With the increasingly rich program content, the audience requires clearer pictures. HD programs have become an inevitable trend. One of the priorities of the State Administration of Radio, Film, and Television (SARFT) is to enhance HD program production and promote HD TV development. TV stations of various levels are accelerating HD program construction and increasing investments in HD program production and playing. However, HD program production network construction faces the following challenges:

• Large burst video code streams are generated and transmitted from core switches to access switches during the dragging operation or viewing multiple videos simultaneously on HD non-linear editing (NLE) workstations. During the video stream transmission, the network bandwidth decreases, resulting in network congestion and frame loss.
• During the HD video production process, the video is played at the rate of 25 frames per second (FPS) with each frame being played for 40 ms, and the transmission duration from the time when an editing workstation sends an instruction to the time when the storage system returns data is shorter than 5 ms. Therefore, the delay must be as short as possible, near zero.
• Current program production networks of most TV stations adopt the FC+IP network. The construction cost and maintenance complexity of the FC network are higher than those of an Ethernet. IT personnel need to lower the network complexity and the operation and maintenance (O&M) costs when service requirements are met.

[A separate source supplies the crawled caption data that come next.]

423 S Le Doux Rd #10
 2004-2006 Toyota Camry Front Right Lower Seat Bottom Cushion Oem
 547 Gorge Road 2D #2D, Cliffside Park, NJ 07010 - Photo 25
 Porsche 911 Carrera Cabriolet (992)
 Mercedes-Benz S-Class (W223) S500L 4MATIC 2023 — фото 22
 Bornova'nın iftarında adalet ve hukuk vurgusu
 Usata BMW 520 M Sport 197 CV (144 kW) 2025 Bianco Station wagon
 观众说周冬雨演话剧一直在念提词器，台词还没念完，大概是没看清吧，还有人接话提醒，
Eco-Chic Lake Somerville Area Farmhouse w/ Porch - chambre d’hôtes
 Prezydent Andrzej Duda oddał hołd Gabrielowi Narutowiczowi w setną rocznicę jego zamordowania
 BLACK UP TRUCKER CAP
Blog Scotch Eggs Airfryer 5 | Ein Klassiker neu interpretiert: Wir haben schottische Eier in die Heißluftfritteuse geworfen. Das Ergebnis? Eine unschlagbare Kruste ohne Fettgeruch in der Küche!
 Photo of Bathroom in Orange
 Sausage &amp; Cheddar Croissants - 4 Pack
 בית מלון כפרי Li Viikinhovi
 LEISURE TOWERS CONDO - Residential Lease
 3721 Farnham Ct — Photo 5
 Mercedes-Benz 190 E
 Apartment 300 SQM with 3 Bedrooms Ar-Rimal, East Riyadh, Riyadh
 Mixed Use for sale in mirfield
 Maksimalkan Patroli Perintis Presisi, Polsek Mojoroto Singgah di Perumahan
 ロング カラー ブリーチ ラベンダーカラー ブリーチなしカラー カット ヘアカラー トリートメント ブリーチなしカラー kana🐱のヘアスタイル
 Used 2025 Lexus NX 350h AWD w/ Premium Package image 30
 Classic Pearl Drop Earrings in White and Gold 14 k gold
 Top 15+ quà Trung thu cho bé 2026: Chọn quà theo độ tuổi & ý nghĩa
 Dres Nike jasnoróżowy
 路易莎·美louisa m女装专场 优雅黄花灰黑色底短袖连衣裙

In the HD program editing and production process, large burst traffic is sent to downstream devices, which results in network congestion and frame loss. To resolve this problem, deploy large-buffer box switches that can dynamically allocate a 1.25 GB buffer at the access layer for the workstations and optimize the buffer and delay performance based on Huawei years of experience.

When burst traffic at the line rate of 10 Gbps and background traffic of 100 Mbps are sent to each workstation, the S7700 access switch with a buffer of 1.25 GB supports concurrent four-layer HD services on 78 workstations, meeting the requirement of three-layer burst traffic on 16 HD workstations.

Figure 1-1 Working mechanism of a large-buffer S7700 switch

The transmission delay of videos and audios must be shorter than or equal to 40 ms for TV stations, and different workstations have different delay requirements. The entire network adopts the two-layer flattened architecture. The packaging, transcoding, and news workstations are connected to access switches (S5700) through GE ports. The S5700 switches configured with iStack are connected to the core switches (CE12800) through 10GE ports. The collection and editing workstations are connected to the large-buffer switches (S7700) through GE ports. The S7700 switches configured with iStack are connected to the core switches through 10GE ports. The unified storage system N8500 is connected to the uplink core switches through two 10GE ports. The NLE workstations access the media assets storage system only by two hops. The end-to-end delay shorter than 40 ms is ensured for the NLE service using the load-balancing algorithm at the network side and file system parameter calibration at the storage side.

Figure 1-2 Logical architecture of Huawei HD program production solution for TV stations

Huawei adopts the zone-based design based on storage features, network features, and requirements of NLE workstations. Workstations are deployed in different zones based on their bandwidth and delay requirements.

Current program production networks of most TV stations adopt the FC+IP network. The construction cost and maintenance complexity of the FC network are higher than those of an Ethernet. IT technical personnel of the TV stations are looking for the balance point between the cost and performance. In addition to ensuring HD NLE services, Huawei provides an IP-based NAS and non-blocking switching network solution to help the customer lower the network complexity and O&M costs.

Huawei HD program production solution for TV stations not only ensures a large buffer, no packet loss, and short delays for program production and playing but also resolves the problem of high costs on construction and O&M of the FC+IP network.

• The 1.25 GB large buffer is designed at the access layer for NLE services, which prevents frame freezing of voices and images and frame loss.

The buffer and delay designs are optimized for HD NLE services for 60 workstations.




A large buffer can be dynamically allocated. Buffer sizes on ports are adjusted to lower the delay to shorter than 5 ms without packet loss.



• The zone-based service design, two-layer flattened network, and short-delay calibration ensure an end-to-end delay shorter than 40 ms for NLE services.

The network is divided into multiple zones based on service features of the packaging, transcoding, preliminary editing, and refined editing workstations, which ensures different bandwidth and access zones for the workstations.




Huawei adopts the two-layer flattened network and configures load balancing for network-side links and parameter calibration for storage-side file systems, ensuring that a delay on the link between the workstations and the storage system is shorter than 40 ms.



• The all-IP network simplifies the network architecture and lowers O&M costs by more than 50%.
• The FC network is migrated to the IP network. The all-IP network simplifies the network architecture, and unified network management simplifies O&M.